What is required:
Go to the line that includes "Photo of Woman" and retype it, then every line after it to the end of the data, adding nothing.

Recorded information:
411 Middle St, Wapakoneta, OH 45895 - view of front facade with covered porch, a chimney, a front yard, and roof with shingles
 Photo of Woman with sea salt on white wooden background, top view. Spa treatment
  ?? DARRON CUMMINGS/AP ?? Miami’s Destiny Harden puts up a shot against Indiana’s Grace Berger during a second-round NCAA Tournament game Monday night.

Task answer:
 Photo of Woman with sea salt on white wooden background, top view. Spa treatment
  ?? DARRON CUMMINGS/AP ?? Miami’s Destiny Harden puts up a shot against Indiana’s Grace Berger during a second-round NCAA Tournament game Monday night.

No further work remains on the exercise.